Stored entries
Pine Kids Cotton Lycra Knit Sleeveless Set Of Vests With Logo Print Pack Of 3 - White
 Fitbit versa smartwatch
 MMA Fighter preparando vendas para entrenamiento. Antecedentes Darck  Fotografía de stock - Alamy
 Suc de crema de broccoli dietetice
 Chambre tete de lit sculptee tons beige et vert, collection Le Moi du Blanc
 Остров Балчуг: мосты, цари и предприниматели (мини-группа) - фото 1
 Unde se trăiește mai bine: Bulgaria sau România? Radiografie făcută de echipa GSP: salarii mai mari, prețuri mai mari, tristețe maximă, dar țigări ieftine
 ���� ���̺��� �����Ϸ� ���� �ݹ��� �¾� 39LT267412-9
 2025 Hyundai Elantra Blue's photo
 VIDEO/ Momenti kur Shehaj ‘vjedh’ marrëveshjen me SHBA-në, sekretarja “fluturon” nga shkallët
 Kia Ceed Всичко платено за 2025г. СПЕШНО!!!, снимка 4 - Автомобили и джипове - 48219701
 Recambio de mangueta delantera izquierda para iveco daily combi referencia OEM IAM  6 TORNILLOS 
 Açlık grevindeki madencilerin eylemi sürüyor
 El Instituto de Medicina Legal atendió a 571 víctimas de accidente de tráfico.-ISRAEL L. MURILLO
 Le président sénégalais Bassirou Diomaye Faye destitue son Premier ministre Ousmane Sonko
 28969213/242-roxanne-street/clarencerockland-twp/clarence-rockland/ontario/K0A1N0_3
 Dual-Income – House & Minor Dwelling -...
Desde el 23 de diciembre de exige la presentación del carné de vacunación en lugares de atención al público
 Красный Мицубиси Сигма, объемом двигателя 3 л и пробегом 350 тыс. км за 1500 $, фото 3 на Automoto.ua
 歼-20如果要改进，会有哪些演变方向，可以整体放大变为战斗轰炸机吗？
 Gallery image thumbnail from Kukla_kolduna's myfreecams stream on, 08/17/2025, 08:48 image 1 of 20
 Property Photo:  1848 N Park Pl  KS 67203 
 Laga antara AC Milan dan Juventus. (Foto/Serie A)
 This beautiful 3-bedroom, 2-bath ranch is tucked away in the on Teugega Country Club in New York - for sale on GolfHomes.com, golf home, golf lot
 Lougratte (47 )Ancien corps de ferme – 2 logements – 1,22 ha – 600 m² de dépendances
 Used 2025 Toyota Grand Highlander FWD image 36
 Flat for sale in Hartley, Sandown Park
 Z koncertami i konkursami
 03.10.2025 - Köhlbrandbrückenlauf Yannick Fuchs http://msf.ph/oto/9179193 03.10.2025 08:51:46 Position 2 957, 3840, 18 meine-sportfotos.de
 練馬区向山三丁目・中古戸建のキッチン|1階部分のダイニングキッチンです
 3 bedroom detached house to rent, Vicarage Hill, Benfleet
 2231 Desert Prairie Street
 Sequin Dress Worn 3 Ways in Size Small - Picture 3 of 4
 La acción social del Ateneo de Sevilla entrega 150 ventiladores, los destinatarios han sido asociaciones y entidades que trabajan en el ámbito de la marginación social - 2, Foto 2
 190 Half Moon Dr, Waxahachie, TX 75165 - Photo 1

Work request:
Your response should hold the lines from the first line of the entries above through the line with "El Instituto de", each retyped exactly, and nothing else.

Worked solution:
Pine Kids Cotton Lycra Knit Sleeveless Set Of Vests With Logo Print Pack Of 3 - White
 Fitbit versa smartwatch
 MMA Fighter preparando vendas para entrenamiento. Antecedentes Darck  Fotografía de stock - Alamy
 Suc de crema de broccoli dietetice
 Chambre tete de lit sculptee tons beige et vert, collection Le Moi du Blanc
 Остров Балчуг: мосты, цари и предприниматели (мини-группа) - фото 1
 Unde se trăiește mai bine: Bulgaria sau România? Radiografie făcută de echipa GSP: salarii mai mari, prețuri mai mari, tristețe maximă, dar țigări ieftine
 ���� ���̺��� �����Ϸ� ���� �ݹ��� �¾� 39LT267412-9
 2025 Hyundai Elantra Blue's photo
 VIDEO/ Momenti kur Shehaj ‘vjedh’ marrëveshjen me SHBA-në, sekretarja “fluturon” nga shkallët
 Kia Ceed Всичко платено за 2025г. СПЕШНО!!!, снимка 4 - Автомобили и джипове - 48219701
 Recambio de mangueta delantera izquierda para iveco daily combi referencia OEM IAM  6 TORNILLOS 
 Açlık grevindeki madencilerin eylemi sürüyor
 El Instituto de Medicina Legal atendió a 571 víctimas de accidente de tráfico.-ISRAEL L. MURILLO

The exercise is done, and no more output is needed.